Semaphores in Operating System

Semaphores

Semaphore is a synchronization tool denied by Dijkstra in 1965 for managing concurrent process by using the value of simple variable.
Semaphores are the main synchronization primitive used in UNIX.
A Semaphore S is a simple integer variable which can take non-negative values.
Two different operations can be performed on semaphore : wait and signal. Wait operation is also called P and signal operation is called V because in Dijkstra’s original paper the letter P is used for wait and the letter V for signal. These are the initials of the Dutch words for ‘to test’ (proberen) and ‘to increment’ (Verhogen).
Entry to critical region of active processes is controlled by the wait operation and exit from a critical region is signaled by the signal operation.
Wait Operation : It decrements the semaphore value. If the value becomes negative, then the process executing the wait is blocked.
Signal Operation : It increments the semaphore value. If the value is not positive, then process blocked by a wait operation is unblocked.

Essentially, a semaphore, such as S, indicates the availability of some resource ; if it has a non-zero positive value it is available. If it is zero it is unavailable i.e. it is being accessed by another process.
The signal operation signals the fact that some process has released a resource which can now be used by a process waiting for it.
Trying the wait operation may allow a process access to the resource (S > 0) or oy cause a process to be blocked.
The wait and signal are assumed to be atomic ; that is, they cannot be interrupted and each routine can be treated as indivisible step.
It is also important that no two processes should execute wait and signal operations on the same semaphore at the same time. Otherwise this would lead to critical section problem.

There are two variety of semaphore:

Binary Semaphore : When the integer value (S) can have only 0 or 1 value, it is known as binary semaphore.
Counting Semaphore : When the integer value (S) can be any non-negative value, it is known as counting Semaphore. Counting semaphore is also known as general semaphore.

Mutual exclusion is achieved by initializing a semaphore variable (S) to 1.
When S = 1, the first process that executes a wait will be able to immediately enter the critical section and will set S to S-lie. S = 0
Any other process that wants to enter its critical section will find it busy (i.e. S= 0) and will be blocked and will also decrement S i.e. S = S-1 (S =-1)
Any number of processes may attempt entry ; each such unsuccessful attempt results in a further decrement of the value of S.

When the first process exits from its critical region, it will execute signal and will increment the value of S.
In such situation, one of the blocked processes (if any) is removed from the queue blocked processes associated with the semaphore and is put in a ready state.
When it is next scheduled by the operating system, it may enter critical section.

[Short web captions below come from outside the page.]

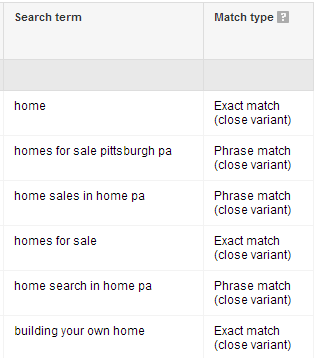 Close variant keyword matching in Google AdWords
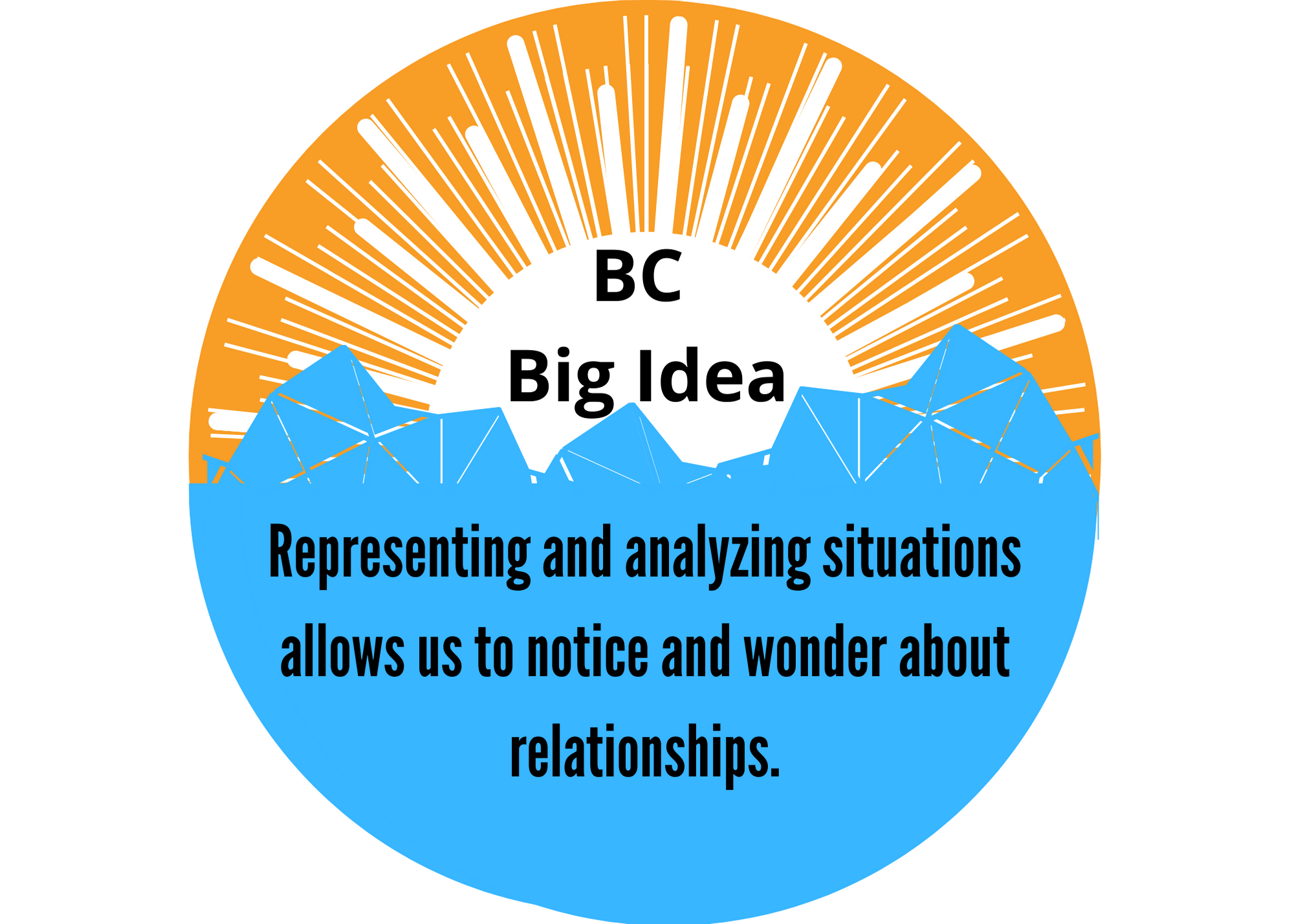 BC Big Idea #5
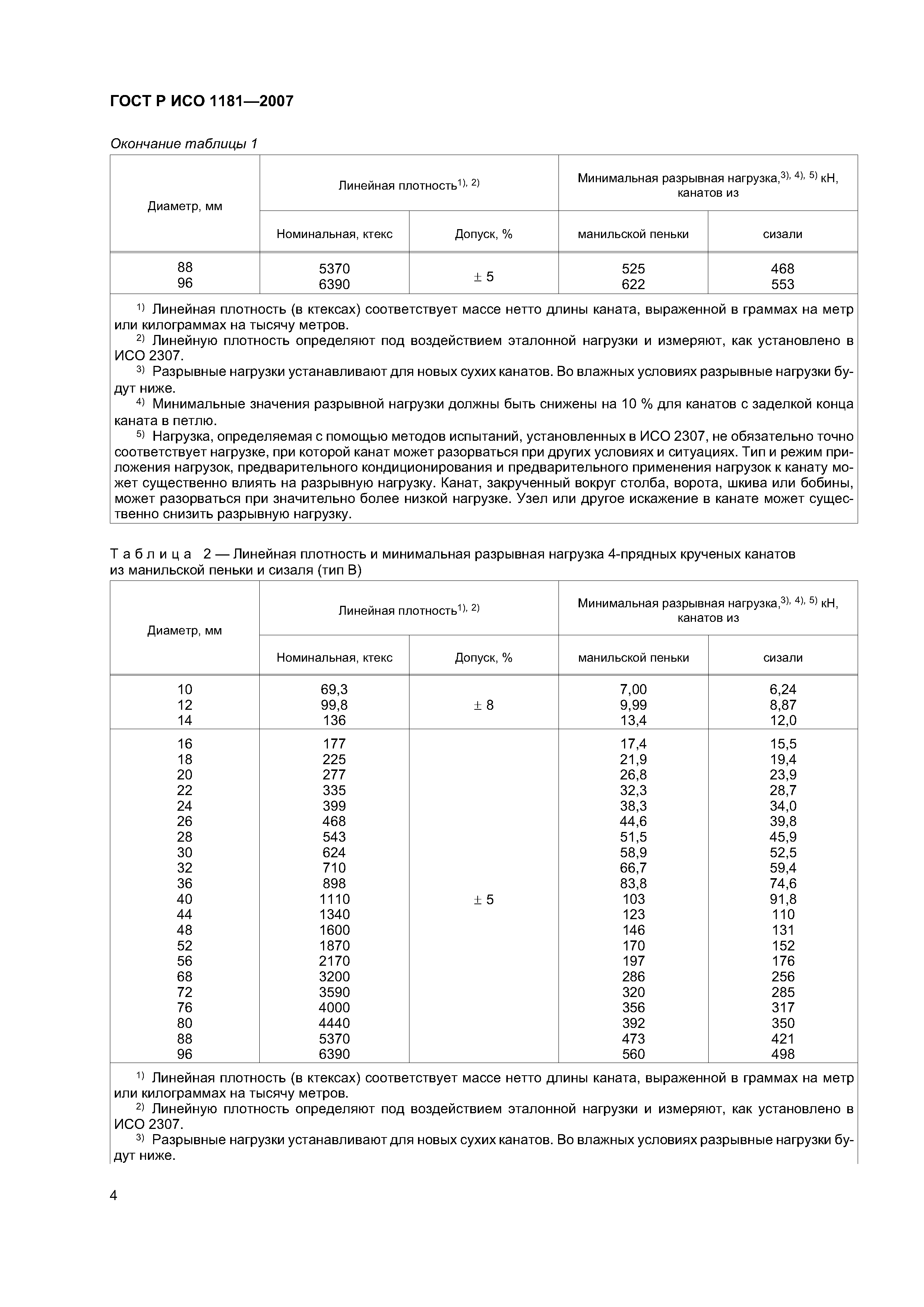 ГОСТ Р ИСО 1181-2007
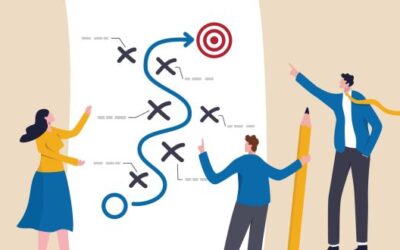 LA ACELERACIÓN DEL CAMBIO Y LA SENCIBILIDAD DE LOS MERCADOS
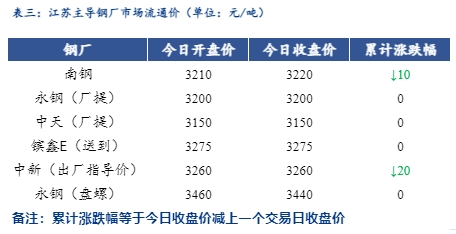 <a href='https://m.mysteel.com/' target='_blank' style='color:#3861ab'>Mysteel</a>日报：江苏<a href='https://m.mysteel.com/market/p-968-----010101-0--------1.html' target='_blank' style='color:#3861ab'>建筑钢材</a>小幅下跌 需求萎靡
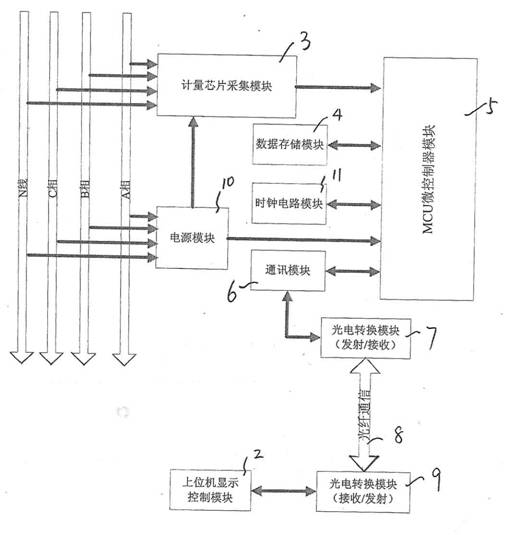 Low-voltage electric energy metering device utilizing optical fiber to transmit signal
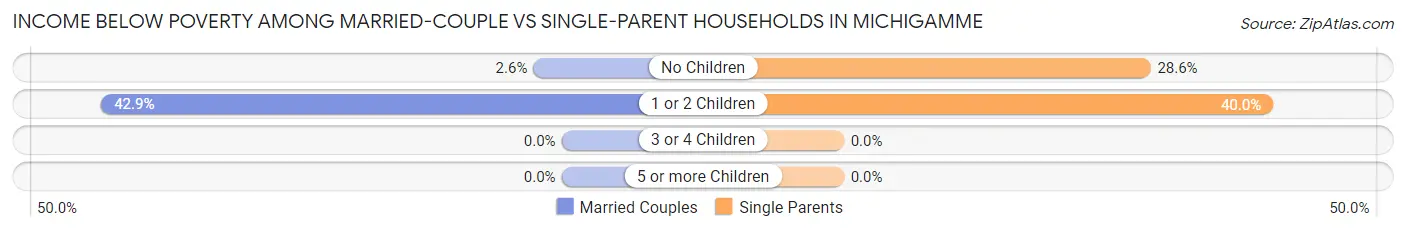 Income Below Poverty Among Married-Couple vs Single-Parent Households in Michigamme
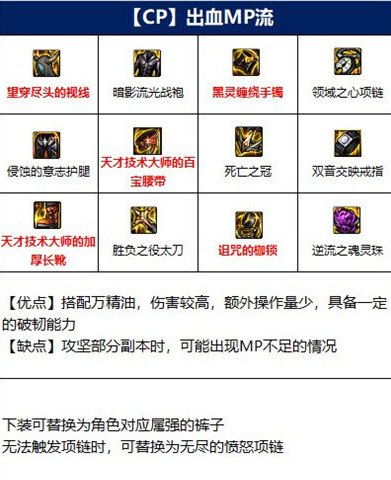 地下城与勇士110级版本红眼魔法石带什么好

Like hardware instruction, semaphores also suffer from the problem of busy-waiting.
When a process is in its critical section, any other process that tries to enter its critical section must loop continuously in the entry code. This is known as busy waiting.
Such a continuous looping is a problem in a real multiprogramming system, where a single CPU is shared among many processes.
Busy waiting wastes the CPU cycles that some other process might be able to use productively.
This kind of semaphores, that implements busy waiting is known as spin lock as the process spins while waiting for a lock.
Spin locks are useful in multiprocessor system.
The advantage of spin lock is that no context switch is required when a process must wait on a lock, and a context switch may take considerable time. Thus when locks are expected to be held for short times, spinlocks are used.

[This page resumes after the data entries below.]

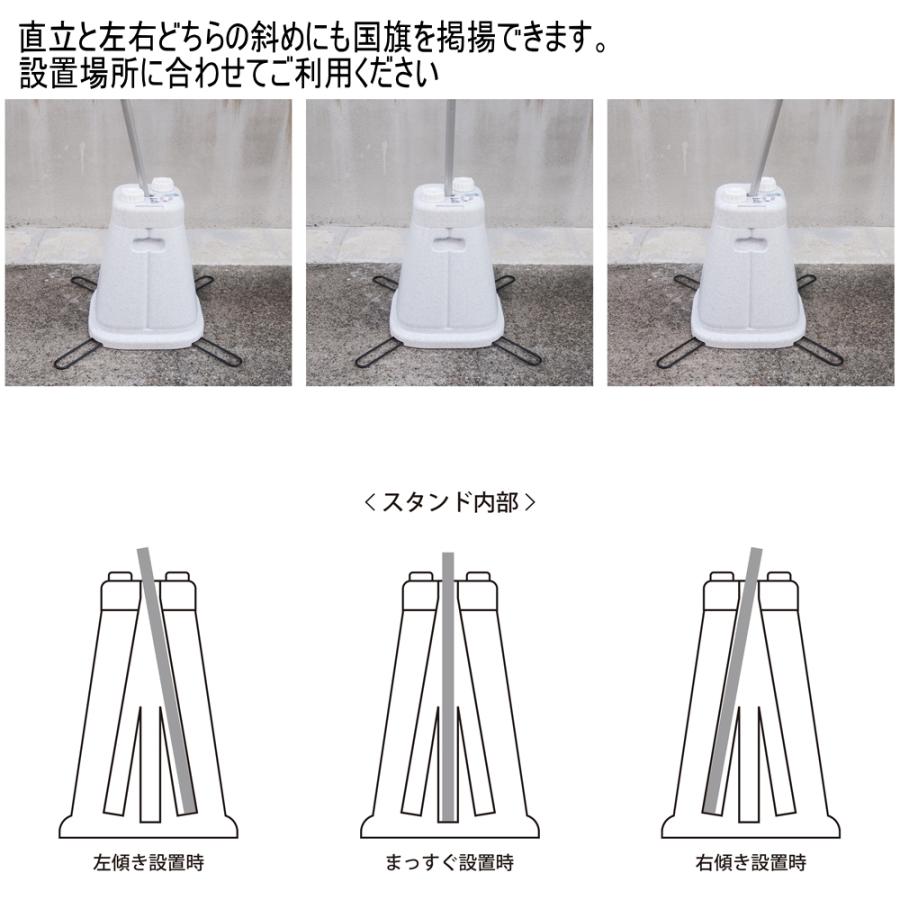 TOSPA 注水スリムスタンド付き日本国旗Cセット テトロン 90×135cm 3m6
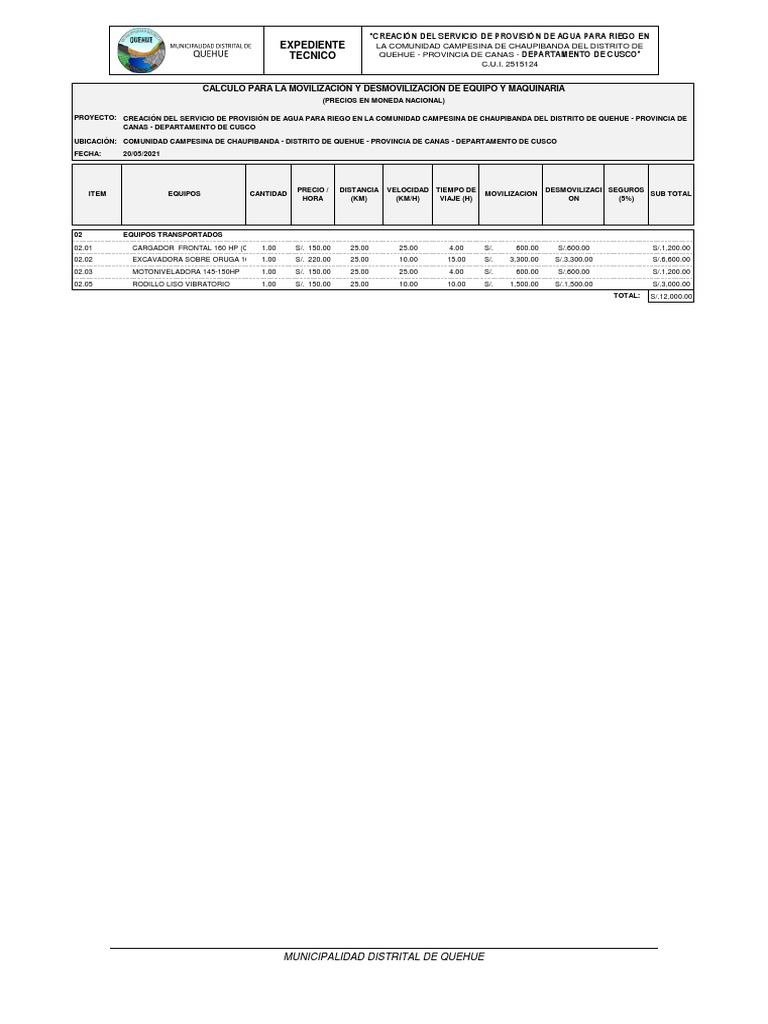 3-4-5-2-mdq-chaupibanda-analisis-de-movilizacion-de-equipos-pdf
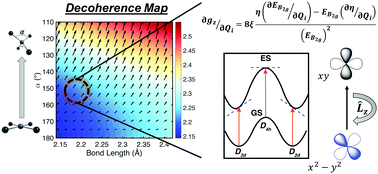 The Dynamic Ligand Field Of A Molecular Qubit Decoherence Through Spin Phonon Coupling Physical Chemistry Chemical Physics Rsc Publishing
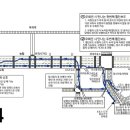 일신자동차 이미지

To implement semaphores without busy waiting, a waiting queue is associated with each semaphore.
Each entry in a waiting queue has two data items : value and a pointer to next record in the list.

For such an implementation, two more operations are defined:

Block : To place the process invoking the operation on the appropriate waiting
Wakeup : To remove one of processes in the waiting queue and place it in ready queue.

The definitions of wait and signal operations are also modified.
In this situation, when a process executes the wait and finds that the semaphore value is not positive, it must wait.
However, rather than busy waiting the process is blocked. The block operation process into waiting queue associated with the semaphore. The state of process is then change to waiting state.
Then, the control is transferred to the CPU scheduler, which selects another process to execute.
A process that is blocked, waiting on a semaphore is restarted when some other process executes a signal operation.

Such a process is restored by a wakeup operation which changes the process from the waiting state to the ready state. The process is then placed in the ready queue.
The block operation suspends the process that invokes it. The wakeup (P) operation resumes the execution of a blocked process P. Both block and wakeup operations are provided by the OS as basic system calls.

Busy-Waiting : Like hardware instructions, semaphores also suffer from the problem of busy waiting.
Processes can be deadlocked : The implementation of semaphore with a waiting queue may result in a situation where two or more processes are waiting indefinitely for an event that can be caused only by one of the waiting processes. Such a situation mar lead to deadlock.
Problem of indefinite blocking or starvation : Indefinite blocking of processes may occur if we add and remove processes from the waiting queue associated with a semaphore in LIFO order.